I got my house redone and painted in the month of March and most of the redundant things have been gotten rid of. But then, there are things which have nothing more than sentimental value and we tend to keep them for the simple reason that we cannot think of parting with them or throwing them away and many a times they are also useless to others. So, we stow these treasures away to be found again during the next spring cleaning and the cycle keeps repeating.
Today, I asked Shubham to fetch me my bag in which last year’s assignments are kept so that I could use some of them this year. Now, usually I prefer to get these things on my own for the simple reason that I get irked if my things are not in place and Shubham and my idea of system and order don’t match. A muscle pull has confined me to my bed since Friday evening and all my classes are happening from my bed. Shubham is my care taker, he’s cooking, serving and helping me in every way and this is how the responsibility of getting my bag fell on his able shoulders.
Now, Shubham and I have a problem with colours what I call green is white star for him and what he calls green is some other colour for me. Sometimes I remember the colour of the pattern, and at other times the predominant colour or the background colour in case of printed bags. And the single colour bags too vary from brown to tan to camel colour or coffee colour. In a nutshell it is a lucky day when we both agree on the same colour and get the right thing in the first attempt. So, when I asked Shubham to get the brown bag he fetched the one in the cover image because the handle and the flap are brown and that’s what he saw first. To me its a green bag or may be a brown and green bag but for him it is the brown star spangled bag. To cut the long story short what I got was the bag with my precious past bundled up.

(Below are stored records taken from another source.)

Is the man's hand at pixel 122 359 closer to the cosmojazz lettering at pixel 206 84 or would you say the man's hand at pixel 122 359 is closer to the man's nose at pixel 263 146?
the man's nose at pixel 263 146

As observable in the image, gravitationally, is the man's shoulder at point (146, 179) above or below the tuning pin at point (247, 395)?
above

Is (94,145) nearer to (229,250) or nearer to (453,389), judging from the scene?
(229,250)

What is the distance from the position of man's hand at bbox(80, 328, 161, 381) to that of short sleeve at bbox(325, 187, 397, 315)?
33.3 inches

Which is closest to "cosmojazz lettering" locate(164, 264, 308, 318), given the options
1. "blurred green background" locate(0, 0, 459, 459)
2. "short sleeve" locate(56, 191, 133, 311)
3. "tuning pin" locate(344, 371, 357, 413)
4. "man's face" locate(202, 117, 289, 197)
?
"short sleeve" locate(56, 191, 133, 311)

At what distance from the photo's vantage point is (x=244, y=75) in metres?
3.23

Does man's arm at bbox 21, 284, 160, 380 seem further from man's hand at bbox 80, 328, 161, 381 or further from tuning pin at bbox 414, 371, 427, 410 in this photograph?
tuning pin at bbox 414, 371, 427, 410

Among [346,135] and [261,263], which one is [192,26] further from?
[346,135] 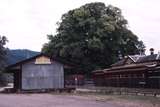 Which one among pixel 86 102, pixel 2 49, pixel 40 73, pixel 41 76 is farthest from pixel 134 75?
pixel 2 49

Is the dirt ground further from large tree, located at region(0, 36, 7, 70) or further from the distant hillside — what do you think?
the distant hillside

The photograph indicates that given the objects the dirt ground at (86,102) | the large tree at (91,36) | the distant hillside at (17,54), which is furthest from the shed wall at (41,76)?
the distant hillside at (17,54)

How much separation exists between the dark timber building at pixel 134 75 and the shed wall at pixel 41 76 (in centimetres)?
→ 979

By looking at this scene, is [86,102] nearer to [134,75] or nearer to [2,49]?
[134,75]

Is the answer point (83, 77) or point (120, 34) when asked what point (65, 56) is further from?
point (120, 34)

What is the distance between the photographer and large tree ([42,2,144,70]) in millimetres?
71688

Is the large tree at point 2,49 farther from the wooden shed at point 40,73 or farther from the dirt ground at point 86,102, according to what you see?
the dirt ground at point 86,102

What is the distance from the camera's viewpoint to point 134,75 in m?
52.3

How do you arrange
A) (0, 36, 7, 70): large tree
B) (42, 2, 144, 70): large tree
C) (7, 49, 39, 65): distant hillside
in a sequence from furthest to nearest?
(7, 49, 39, 65): distant hillside → (0, 36, 7, 70): large tree → (42, 2, 144, 70): large tree

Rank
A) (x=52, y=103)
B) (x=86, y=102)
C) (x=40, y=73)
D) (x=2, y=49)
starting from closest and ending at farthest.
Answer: (x=52, y=103)
(x=86, y=102)
(x=40, y=73)
(x=2, y=49)

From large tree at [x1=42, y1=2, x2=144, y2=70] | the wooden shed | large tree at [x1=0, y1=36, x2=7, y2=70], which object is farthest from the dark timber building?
large tree at [x1=0, y1=36, x2=7, y2=70]

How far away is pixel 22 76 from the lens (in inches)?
1870

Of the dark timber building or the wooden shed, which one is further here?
the wooden shed

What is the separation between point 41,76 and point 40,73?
38cm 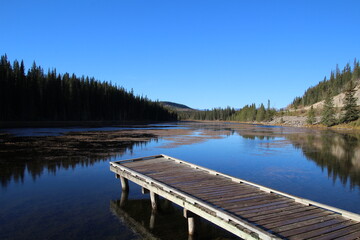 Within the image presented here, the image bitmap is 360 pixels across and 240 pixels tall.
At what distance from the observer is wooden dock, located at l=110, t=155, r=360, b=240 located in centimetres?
612

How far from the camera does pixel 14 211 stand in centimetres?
945

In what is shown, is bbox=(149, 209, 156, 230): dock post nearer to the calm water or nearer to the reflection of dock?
the calm water

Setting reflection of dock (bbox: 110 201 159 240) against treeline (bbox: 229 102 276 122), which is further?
treeline (bbox: 229 102 276 122)

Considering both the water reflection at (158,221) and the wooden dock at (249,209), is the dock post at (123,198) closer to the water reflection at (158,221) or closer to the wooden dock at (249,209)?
the water reflection at (158,221)

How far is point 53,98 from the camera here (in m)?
85.3

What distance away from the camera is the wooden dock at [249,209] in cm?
612

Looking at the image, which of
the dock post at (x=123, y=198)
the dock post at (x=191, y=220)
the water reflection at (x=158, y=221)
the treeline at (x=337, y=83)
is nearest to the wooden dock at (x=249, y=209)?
the dock post at (x=191, y=220)

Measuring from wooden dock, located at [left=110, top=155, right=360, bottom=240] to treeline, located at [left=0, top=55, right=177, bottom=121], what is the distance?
7327 cm

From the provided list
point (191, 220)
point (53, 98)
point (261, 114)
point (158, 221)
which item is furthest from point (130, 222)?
point (261, 114)

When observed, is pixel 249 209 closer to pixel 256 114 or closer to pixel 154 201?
pixel 154 201

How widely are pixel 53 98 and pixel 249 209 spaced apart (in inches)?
3549

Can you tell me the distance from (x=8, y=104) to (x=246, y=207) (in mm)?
77861

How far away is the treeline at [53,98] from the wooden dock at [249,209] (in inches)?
2884

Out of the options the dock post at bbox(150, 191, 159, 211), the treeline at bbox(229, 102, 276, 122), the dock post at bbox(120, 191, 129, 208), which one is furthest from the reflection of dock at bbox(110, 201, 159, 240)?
the treeline at bbox(229, 102, 276, 122) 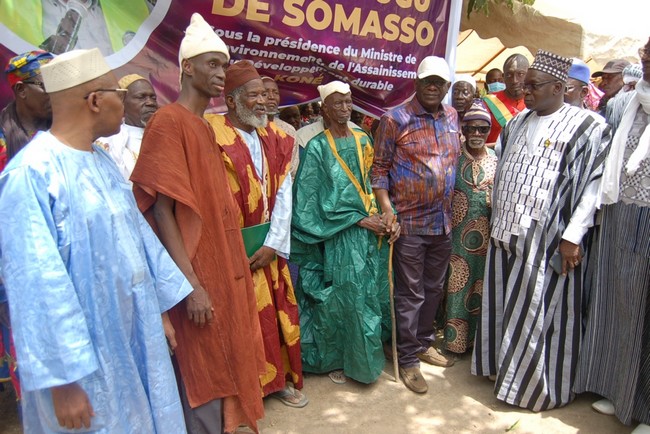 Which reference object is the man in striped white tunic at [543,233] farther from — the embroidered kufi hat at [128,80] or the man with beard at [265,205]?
the embroidered kufi hat at [128,80]

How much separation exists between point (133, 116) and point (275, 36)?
4.09ft

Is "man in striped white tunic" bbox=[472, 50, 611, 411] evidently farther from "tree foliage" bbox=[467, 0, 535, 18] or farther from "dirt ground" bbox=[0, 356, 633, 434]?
"tree foliage" bbox=[467, 0, 535, 18]

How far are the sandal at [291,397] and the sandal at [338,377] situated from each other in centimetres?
33

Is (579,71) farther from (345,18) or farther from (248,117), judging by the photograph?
(248,117)

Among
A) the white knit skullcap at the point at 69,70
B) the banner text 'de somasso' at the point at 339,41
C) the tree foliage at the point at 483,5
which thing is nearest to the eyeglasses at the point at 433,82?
the banner text 'de somasso' at the point at 339,41

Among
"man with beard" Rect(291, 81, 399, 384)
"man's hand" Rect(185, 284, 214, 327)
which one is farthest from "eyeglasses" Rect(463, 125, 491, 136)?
"man's hand" Rect(185, 284, 214, 327)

And looking through the contents I found a notebook which I would call my first book of poetry.
Nothing too great to write home about. With the turn of pages I remembered my foray into creative writing when I was just into my teens, either 14 or 15. I cringed at the gaudy colours, some of the words used do not stand for what they used to some 30 odd years ago and have entirely different connotation. Here are some pages from my past,
Turning page after page I wondered whether I was even thinking about what I was doing. I am sure I must have felt very proud of this notebook at that time but not any more. Honestly, I cringed at some pieces, and smiled at others. Some of the poems reminded me of those innocent years, the lofty ideals one holds and also of lovely friendships that can happen only at that age. I was again a teenager for a short while and am a bit overwhelmed now as I write about it. Yes, I am no more the teenaged girl I used to be, Shubham turned 20 this year and yet there is a part of me which is still proud of those words and colours that I filled the notebook with and I share it here for all to see. The me of today is because of the girl I was then! And for once I am glad that Shubham and I don’t usually agree upon the colour of things.